- [Exercise details]
The answer must be an exact reproduction of all the entries.
*** Data to examine ***
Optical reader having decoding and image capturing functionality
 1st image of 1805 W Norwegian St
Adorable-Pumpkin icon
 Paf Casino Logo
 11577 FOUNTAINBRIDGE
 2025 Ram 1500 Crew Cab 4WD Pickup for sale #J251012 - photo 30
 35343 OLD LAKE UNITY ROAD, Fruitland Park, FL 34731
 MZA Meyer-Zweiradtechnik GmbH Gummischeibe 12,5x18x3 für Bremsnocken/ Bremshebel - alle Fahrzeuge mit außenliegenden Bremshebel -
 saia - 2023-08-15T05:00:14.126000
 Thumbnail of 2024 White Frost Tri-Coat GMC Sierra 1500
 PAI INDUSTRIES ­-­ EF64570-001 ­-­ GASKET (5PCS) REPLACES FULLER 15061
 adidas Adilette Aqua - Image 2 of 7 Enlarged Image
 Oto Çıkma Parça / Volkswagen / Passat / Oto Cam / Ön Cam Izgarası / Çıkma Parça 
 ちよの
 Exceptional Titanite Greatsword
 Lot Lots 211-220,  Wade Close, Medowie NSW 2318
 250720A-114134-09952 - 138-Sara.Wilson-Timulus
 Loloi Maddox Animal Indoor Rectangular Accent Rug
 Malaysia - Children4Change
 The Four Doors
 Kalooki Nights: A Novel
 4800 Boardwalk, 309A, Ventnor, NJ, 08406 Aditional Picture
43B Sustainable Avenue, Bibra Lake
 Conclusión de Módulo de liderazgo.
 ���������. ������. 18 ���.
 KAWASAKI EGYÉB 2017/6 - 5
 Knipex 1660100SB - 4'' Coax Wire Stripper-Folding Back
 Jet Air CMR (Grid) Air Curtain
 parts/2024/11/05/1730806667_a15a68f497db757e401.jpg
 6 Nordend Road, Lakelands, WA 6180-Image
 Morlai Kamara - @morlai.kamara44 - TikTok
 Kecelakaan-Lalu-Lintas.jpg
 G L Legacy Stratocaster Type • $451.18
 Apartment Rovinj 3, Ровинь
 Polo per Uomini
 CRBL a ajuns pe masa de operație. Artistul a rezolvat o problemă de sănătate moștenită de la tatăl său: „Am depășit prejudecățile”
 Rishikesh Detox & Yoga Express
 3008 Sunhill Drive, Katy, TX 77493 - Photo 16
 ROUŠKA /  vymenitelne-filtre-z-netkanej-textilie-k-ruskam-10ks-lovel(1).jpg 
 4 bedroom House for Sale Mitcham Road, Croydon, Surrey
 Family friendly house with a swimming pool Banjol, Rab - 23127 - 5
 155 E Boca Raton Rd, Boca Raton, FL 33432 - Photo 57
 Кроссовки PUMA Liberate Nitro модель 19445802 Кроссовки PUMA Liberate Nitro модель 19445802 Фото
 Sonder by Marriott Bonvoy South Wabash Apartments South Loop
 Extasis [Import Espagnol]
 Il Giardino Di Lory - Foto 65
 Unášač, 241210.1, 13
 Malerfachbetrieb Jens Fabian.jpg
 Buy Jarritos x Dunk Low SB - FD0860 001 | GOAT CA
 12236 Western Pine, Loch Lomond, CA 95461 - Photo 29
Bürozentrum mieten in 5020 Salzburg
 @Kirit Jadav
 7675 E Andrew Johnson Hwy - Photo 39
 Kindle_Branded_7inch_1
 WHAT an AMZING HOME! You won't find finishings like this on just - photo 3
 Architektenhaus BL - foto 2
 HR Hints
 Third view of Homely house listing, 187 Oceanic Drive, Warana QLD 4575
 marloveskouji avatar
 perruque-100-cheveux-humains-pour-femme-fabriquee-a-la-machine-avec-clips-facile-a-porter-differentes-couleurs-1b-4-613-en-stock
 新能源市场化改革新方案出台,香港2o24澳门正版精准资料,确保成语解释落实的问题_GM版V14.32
*** End of Data to examine ***
- [Expected output]
Optical reader having decoding and image capturing functionality
 1st image of 1805 W Norwegian St
Adorable-Pumpkin icon
 Paf Casino Logo
 11577 FOUNTAINBRIDGE
 2025 Ram 1500 Crew Cab 4WD Pickup for sale #J251012 - photo 30
 35343 OLD LAKE UNITY ROAD, Fruitland Park, FL 34731
 MZA Meyer-Zweiradtechnik GmbH Gummischeibe 12,5x18x3 für Bremsnocken/ Bremshebel - alle Fahrzeuge mit außenliegenden Bremshebel -
 saia - 2023-08-15T05:00:14.126000
 Thumbnail of 2024 White Frost Tri-Coat GMC Sierra 1500
 PAI INDUSTRIES ­-­ EF64570-001 ­-­ GASKET (5PCS) REPLACES FULLER 15061
 adidas Adilette Aqua - Image 2 of 7 Enlarged Image
 Oto Çıkma Parça / Volkswagen / Passat / Oto Cam / Ön Cam Izgarası / Çıkma Parça 
 ちよの
 Exceptional Titanite Greatsword
 Lot Lots 211-220,  Wade Close, Medowie NSW 2318
 250720A-114134-09952 - 138-Sara.Wilson-Timulus
 Loloi Maddox Animal Indoor Rectangular Accent Rug
 Malaysia - Children4Change
 The Four Doors
 Kalooki Nights: A Novel
 4800 Boardwalk, 309A, Ventnor, NJ, 08406 Aditional Picture
43B Sustainable Avenue, Bibra Lake
 Conclusión de Módulo de liderazgo.
 ���������. ������. 18 ���.
 KAWASAKI EGYÉB 2017/6 - 5
 Knipex 1660100SB - 4'' Coax Wire Stripper-Folding Back
 Jet Air CMR (Grid) Air Curtain
 parts/2024/11/05/1730806667_a15a68f497db757e401.jpg
 6 Nordend Road, Lakelands, WA 6180-Image
 Morlai Kamara - @morlai.kamara44 - TikTok
 Kecelakaan-Lalu-Lintas.jpg
 G L Legacy Stratocaster Type • $451.18
 Apartment Rovinj 3, Ровинь
 Polo per Uomini
 CRBL a ajuns pe masa de operație. Artistul a rezolvat o problemă de sănătate moștenită de la tatăl său: „Am depășit prejudecățile”
 Rishikesh Detox & Yoga Express
 3008 Sunhill Drive, Katy, TX 77493 - Photo 16
 ROUŠKA /  vymenitelne-filtre-z-netkanej-textilie-k-ruskam-10ks-lovel(1).jpg 
 4 bedroom House for Sale Mitcham Road, Croydon, Surrey
 Family friendly house with a swimming pool Banjol, Rab - 23127 - 5
 155 E Boca Raton Rd, Boca Raton, FL 33432 - Photo 57
 Кроссовки PUMA Liberate Nitro модель 19445802 Кроссовки PUMA Liberate Nitro модель 19445802 Фото
 Sonder by Marriott Bonvoy South Wabash Apartments South Loop
 Extasis [Import Espagnol]
 Il Giardino Di Lory - Foto 65
 Unášač, 241210.1, 13
 Malerfachbetrieb Jens Fabian.jpg
 Buy Jarritos x Dunk Low SB - FD0860 001 | GOAT CA
 12236 Western Pine, Loch Lomond, CA 95461 - Photo 29
Bürozentrum mieten in 5020 Salzburg
 @Kirit Jadav
 7675 E Andrew Johnson Hwy - Photo 39
 Kindle_Branded_7inch_1
 WHAT an AMZING HOME! You won't find finishings like this on just - photo 3
 Architektenhaus BL - foto 2
 HR Hints
 Third view of Homely house listing, 187 Oceanic Drive, Warana QLD 4575
 marloveskouji avatar
 perruque-100-cheveux-humains-pour-femme-fabriquee-a-la-machine-avec-clips-facile-a-porter-differentes-couleurs-1b-4-613-en-stock
 新能源市场化改革新方案出台,香港2o24澳门正版精准资料,确保成语解释落实的问题_GM版V14.32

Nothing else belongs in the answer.